Papas criollas are one of several species of potato native to Colombia, and they’re reason enough alone to convince any true potato aficionado to visit here. They’re small, gold-skinned potatoes with soft insides, ranging from the size of a marble to about a ping-pong ball (although they don’t play games, as far as I know). Papas criollas are one of the three types of potatoes used to make ajiaco, Bogotá’s traditional soup, and they show up alongside everything from hot dogs to picadas (essentially a plate of meat with toothpicks). This is one of the sides I’m thrilled to receive with meals — no matter how many other starches the Colombians throw on the plate (and rest assured, they will be many), you’ll never catch me complaining about the criollas.

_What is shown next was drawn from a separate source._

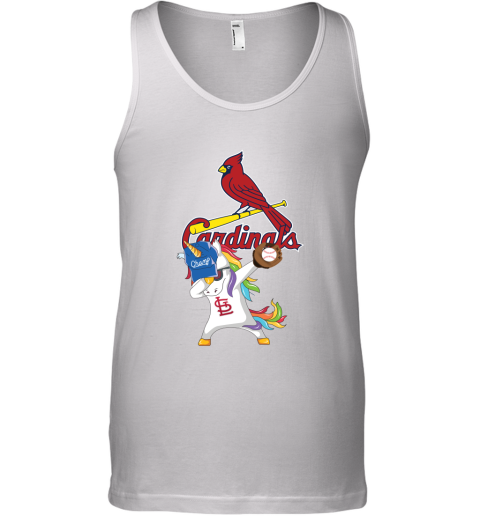 Hip Hop Dabbing Unicorn Flippin Love St Louis Cardinals Tank Top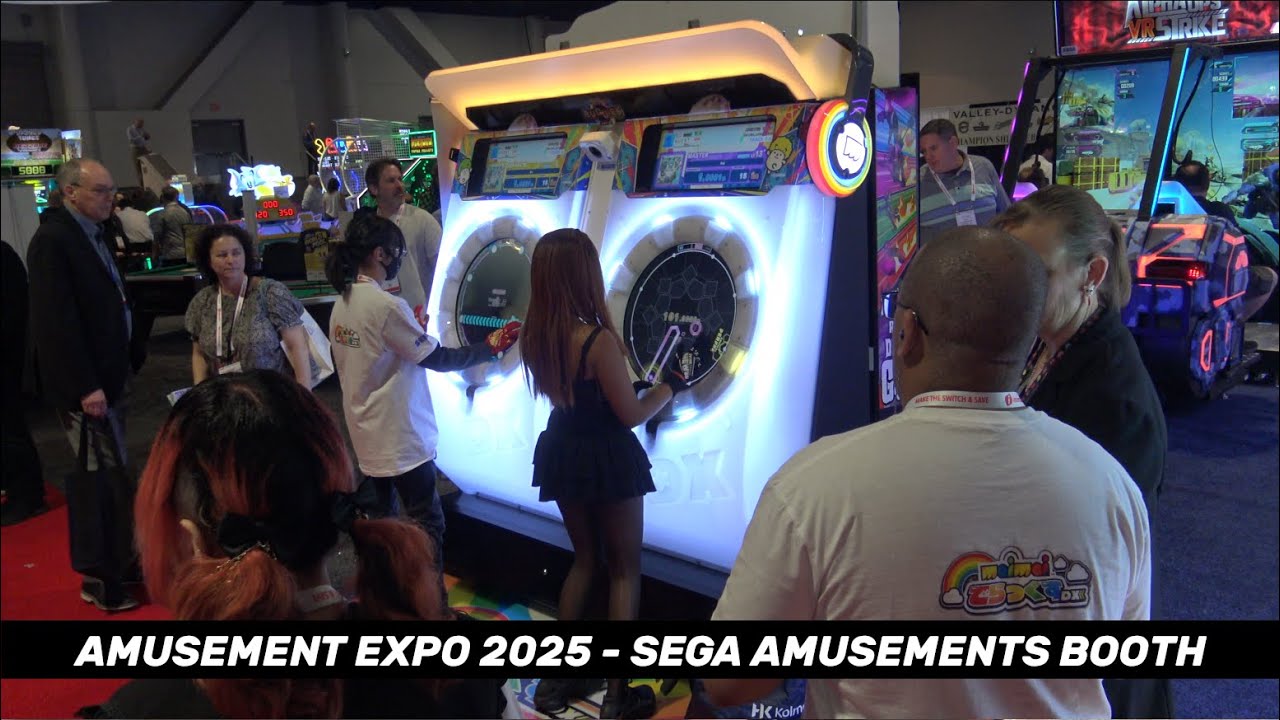Sega Amusements на выставке развлечений 2025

I’ve consumed them in towns across the country, eaten them with forks and toothpicks, found them rolling across plates, tucked in napkins and piled in plastic cups. I don’t know why they taste so much better than other kinds of potatoes, but the fact remain that they do, and I’ll just have to keep eating them until I figure out what the secret is. In the meantime, does anyone know how the USDA would potentially feel about the import of really, really tasty potatoes?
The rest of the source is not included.